The difficulties presently being encountered in the SALT negotiations and the related diminishing likelihood of a Summit meeting before the 25th Soviet Party Congress require that the political implications of SALT issues receive the same careful attention as the technical/strategic issues. A SALT agreement—fully acceptable to the United States—and summit before February are important to the direction that the US-Soviet relationship will take in the coming year. Failure of one or both to take place will unquestionably have an impact on the relationship, with the extent of change to be expected the only uncertainty. (This question is addressed more fully in the NIE “The Soviet Assessment of the US,”2 staffed under NSC Log #7222.) It is with the political implications of the current situation in the arms negotiations in mind, and the hope that a fresh perspective might be helpful, that I offer the following thoughts on a possible opportunity for movement in the talks in keeping with U.S. interests.

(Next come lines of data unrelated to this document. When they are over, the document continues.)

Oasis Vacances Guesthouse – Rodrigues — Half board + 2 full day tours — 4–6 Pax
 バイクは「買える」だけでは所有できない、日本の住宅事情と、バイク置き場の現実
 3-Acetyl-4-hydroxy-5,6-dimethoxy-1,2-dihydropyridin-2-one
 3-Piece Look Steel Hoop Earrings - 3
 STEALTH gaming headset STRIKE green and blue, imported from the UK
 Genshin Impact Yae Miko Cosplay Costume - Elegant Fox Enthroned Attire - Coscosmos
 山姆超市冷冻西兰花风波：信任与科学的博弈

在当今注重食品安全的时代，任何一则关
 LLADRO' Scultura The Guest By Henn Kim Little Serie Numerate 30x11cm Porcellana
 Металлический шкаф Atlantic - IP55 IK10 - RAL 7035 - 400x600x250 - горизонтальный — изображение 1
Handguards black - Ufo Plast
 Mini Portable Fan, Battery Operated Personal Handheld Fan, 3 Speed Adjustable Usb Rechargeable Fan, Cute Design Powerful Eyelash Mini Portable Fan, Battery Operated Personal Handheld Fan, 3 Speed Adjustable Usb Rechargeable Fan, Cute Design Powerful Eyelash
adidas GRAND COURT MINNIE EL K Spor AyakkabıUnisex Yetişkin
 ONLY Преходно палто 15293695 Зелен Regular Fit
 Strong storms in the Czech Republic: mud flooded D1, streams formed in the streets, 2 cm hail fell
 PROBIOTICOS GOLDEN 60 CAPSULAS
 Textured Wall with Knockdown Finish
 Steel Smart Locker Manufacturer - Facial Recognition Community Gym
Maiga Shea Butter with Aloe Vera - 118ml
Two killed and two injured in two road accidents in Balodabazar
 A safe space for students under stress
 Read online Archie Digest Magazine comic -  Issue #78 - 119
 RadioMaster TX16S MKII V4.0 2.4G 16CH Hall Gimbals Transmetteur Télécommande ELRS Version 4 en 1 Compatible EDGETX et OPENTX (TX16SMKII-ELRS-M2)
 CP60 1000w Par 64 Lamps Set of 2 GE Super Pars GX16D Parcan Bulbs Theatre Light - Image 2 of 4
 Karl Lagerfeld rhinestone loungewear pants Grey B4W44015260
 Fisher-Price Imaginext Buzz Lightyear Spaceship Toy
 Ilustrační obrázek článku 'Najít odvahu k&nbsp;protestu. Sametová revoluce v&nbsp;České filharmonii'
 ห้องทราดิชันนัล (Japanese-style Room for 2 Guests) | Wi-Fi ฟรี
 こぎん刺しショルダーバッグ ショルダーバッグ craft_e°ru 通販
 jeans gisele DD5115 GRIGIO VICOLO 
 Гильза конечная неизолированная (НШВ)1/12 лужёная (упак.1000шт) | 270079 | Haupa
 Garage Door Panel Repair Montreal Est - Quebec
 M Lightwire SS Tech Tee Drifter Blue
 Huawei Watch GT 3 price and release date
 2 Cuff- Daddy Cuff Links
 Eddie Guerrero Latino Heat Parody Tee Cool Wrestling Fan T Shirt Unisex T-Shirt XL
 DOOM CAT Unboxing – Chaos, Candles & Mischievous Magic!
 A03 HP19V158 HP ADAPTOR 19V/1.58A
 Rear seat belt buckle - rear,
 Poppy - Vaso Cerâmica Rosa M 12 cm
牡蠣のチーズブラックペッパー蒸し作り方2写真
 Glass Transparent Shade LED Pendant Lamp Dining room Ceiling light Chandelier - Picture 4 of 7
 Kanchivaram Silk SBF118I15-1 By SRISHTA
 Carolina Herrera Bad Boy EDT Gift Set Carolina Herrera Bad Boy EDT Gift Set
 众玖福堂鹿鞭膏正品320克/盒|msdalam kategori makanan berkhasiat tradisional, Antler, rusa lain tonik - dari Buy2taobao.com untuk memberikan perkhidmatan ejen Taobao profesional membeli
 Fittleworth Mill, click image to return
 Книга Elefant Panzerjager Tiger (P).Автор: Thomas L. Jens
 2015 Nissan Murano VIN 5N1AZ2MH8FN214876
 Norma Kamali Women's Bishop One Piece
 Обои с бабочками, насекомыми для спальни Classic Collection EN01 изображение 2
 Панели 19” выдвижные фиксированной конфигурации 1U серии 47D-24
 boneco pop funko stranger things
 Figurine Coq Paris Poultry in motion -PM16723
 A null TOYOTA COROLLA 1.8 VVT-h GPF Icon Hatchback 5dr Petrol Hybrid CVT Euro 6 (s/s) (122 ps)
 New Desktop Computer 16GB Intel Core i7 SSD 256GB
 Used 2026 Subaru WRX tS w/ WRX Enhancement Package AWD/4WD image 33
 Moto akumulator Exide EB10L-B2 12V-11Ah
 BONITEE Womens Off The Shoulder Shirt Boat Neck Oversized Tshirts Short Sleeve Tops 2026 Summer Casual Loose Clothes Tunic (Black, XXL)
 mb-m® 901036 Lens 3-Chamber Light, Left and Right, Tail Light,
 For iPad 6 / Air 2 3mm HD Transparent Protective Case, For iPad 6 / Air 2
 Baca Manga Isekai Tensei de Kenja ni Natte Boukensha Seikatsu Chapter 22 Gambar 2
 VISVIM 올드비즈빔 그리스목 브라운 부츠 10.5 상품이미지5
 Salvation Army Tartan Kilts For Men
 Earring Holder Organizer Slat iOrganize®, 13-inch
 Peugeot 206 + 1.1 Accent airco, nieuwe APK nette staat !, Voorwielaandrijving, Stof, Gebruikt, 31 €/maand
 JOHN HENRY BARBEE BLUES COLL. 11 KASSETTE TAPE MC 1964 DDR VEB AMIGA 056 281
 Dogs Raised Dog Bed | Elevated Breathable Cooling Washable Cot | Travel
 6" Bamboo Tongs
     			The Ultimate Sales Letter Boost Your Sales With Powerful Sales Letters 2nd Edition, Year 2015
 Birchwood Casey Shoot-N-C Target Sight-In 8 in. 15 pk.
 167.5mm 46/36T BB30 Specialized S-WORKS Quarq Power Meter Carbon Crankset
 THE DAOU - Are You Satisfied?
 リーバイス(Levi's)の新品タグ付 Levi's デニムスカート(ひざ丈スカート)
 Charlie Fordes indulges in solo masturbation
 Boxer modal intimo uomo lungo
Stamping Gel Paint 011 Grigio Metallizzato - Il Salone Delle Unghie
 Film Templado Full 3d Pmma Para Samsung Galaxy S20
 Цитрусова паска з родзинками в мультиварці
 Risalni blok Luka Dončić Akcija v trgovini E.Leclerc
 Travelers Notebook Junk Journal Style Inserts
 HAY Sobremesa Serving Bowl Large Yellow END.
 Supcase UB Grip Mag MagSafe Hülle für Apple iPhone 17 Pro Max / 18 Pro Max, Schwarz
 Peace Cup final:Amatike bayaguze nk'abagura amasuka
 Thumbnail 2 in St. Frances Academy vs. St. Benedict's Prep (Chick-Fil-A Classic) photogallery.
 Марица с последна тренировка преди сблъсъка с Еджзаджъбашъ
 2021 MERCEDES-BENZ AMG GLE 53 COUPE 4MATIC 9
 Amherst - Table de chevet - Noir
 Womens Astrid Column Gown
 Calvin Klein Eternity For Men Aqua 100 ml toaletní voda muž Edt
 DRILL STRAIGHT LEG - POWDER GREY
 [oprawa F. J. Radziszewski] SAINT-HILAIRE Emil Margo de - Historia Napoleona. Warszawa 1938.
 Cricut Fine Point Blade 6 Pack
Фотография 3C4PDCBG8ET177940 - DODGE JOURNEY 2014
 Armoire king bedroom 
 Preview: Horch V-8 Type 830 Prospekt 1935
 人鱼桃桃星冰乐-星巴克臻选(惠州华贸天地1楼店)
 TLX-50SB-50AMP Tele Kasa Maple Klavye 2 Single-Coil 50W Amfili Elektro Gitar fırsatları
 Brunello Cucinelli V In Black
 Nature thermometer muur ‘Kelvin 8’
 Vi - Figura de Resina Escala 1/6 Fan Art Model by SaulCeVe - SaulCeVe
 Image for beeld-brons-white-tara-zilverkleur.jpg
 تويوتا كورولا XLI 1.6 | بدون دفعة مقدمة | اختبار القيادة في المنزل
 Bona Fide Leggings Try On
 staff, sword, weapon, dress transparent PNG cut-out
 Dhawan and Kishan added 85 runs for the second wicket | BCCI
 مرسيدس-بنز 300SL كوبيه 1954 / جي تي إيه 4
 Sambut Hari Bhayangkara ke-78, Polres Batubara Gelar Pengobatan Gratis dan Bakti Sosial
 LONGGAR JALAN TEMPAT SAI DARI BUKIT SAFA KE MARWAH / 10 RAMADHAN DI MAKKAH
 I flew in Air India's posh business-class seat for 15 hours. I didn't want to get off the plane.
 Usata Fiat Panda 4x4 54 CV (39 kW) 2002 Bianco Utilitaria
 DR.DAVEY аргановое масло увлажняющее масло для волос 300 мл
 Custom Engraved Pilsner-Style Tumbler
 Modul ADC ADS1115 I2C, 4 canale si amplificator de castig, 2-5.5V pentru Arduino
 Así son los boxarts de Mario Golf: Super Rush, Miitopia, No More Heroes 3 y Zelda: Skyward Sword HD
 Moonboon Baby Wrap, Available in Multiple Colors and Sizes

The negotiations to convert the Vladivostok Accords into a ten year arms agreement have become stalled on three issues: cruise missiles, the Backfire Bomber, and the definition of a heavy ICBM. As I understand it, the current U.S. position provided to the USSR during Foreign Minister Gromyko’s recent visit3 is that the Backfire and long-range sea-launched cruise missiles (SLCMs) might be counted in a separate limit in addition to the aggregate of 2400 (i.e., in effect raising the aggregate), that air-launched cruise missiles (ALCMs) would be constrained only by a 2500 km range limit, and that the heavy ICBM defini [Page 493] tion should be based on throwweight. It is a fact, however, that not one of these issues is specifically addressed in the Vladivostok Aide-Mémoire.4 These are complicating peripheral issues which emerged during the past year’s efforts to tie down the loose ends as required for a formal agreement.

In my opinion, any attempt to incorporate limits on SLCMs and Backfire in an agreement by raising the aggregate will become subject to serious criticism, and rightly so, as undermining one of the principal achievements at Vladivostok and the entire concept of arms limitation. It simply is not “limiting” to move from 2400 to e.g., 2600.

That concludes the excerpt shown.